Quick build (skip tests)

JAVA_HOME=$(/usr/libexec/java_home -v 21) \
  mvn -T1.5C clean install -DskipTests -Ddependency-check.skip=true -Ddocker=false \
  -Pskip-build-dist-archives

On macOS, -P skip-build-dist-archives also suppresses the .app bundle and DMG (sets skip.mac.dist=true internally). Use -P '!mac-dmg-on-mac' only if you want the archives but not the DMG.

Build a single module

mvn install -pl exist-core -am -DskipTests -Ddependency-check.skip=true -Ddocker=false

The -am (also-make) flag is required — exist-core has cross-module dependencies (e.g., EXistClassLoader in exist-start).

Run tests

# XQSuite tests (XQuery test framework)
mvn test -pl exist-core -Dtest="xquery.xquery3.XQuery3Tests" -Ddependency-check.skip=true -Ddocker=false

# Full unit test suite
mvn test -pl exist-core -Ddependency-check.skip=true -Ddocker=false

# Specific JUnit test class
mvn test -pl exist-core -Dtest="org.exist.xquery.XPathQueryTest" -Ddependency-check.skip=true -Ddocker=false

Distribution artifacts (zip, tar.bz2, DMG)

Produces release archives and platform-specific packages.

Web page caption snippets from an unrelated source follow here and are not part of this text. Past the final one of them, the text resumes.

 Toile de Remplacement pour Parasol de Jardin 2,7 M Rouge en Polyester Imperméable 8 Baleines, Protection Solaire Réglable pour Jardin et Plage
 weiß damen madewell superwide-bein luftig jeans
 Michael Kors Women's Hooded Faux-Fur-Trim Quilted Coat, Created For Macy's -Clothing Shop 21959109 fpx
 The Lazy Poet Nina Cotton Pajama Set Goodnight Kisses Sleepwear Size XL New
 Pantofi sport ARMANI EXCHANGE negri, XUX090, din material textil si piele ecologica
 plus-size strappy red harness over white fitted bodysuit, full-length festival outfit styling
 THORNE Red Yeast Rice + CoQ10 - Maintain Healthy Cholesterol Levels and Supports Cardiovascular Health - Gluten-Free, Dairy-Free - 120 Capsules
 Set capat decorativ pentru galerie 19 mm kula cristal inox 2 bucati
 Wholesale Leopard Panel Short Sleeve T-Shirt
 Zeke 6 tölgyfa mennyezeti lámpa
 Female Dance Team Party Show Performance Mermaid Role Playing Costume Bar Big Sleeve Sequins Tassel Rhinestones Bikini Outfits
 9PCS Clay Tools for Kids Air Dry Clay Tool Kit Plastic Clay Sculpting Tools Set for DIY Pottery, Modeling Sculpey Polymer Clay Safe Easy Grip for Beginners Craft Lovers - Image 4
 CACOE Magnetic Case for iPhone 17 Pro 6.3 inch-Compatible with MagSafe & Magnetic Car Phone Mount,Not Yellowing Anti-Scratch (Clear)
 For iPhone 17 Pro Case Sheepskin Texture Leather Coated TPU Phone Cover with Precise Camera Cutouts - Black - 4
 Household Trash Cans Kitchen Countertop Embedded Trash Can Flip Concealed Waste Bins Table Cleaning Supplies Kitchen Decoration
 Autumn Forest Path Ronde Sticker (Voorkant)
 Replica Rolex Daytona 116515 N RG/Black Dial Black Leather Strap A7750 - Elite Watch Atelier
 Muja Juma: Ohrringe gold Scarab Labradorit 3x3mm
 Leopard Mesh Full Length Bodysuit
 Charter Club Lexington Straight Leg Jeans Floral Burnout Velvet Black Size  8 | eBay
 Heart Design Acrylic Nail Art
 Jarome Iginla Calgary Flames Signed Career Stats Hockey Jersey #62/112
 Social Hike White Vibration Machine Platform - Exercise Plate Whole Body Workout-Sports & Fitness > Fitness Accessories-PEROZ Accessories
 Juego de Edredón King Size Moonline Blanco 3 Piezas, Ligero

Output lands in exist-distribution/target/.

JAVA_HOME=$(/usr/libexec/java_home -v 21) \
  mvn -T1.5C clean package \
  -pl exist-distribution -am \
  -DskipTests \
  -Ddependency-check.skip=true \
  -Ddocker=false \
  -Drevision=7.0.0-SNAPSHOT

macOS: the mac-dmg-on-mac profile is active by default and produces an unsigned .app bundle and DMG. Suppress both with -P '!mac-dmg-on-mac'. For the fully signed and notarized DMG used in releases, see exist-versioning-release.md.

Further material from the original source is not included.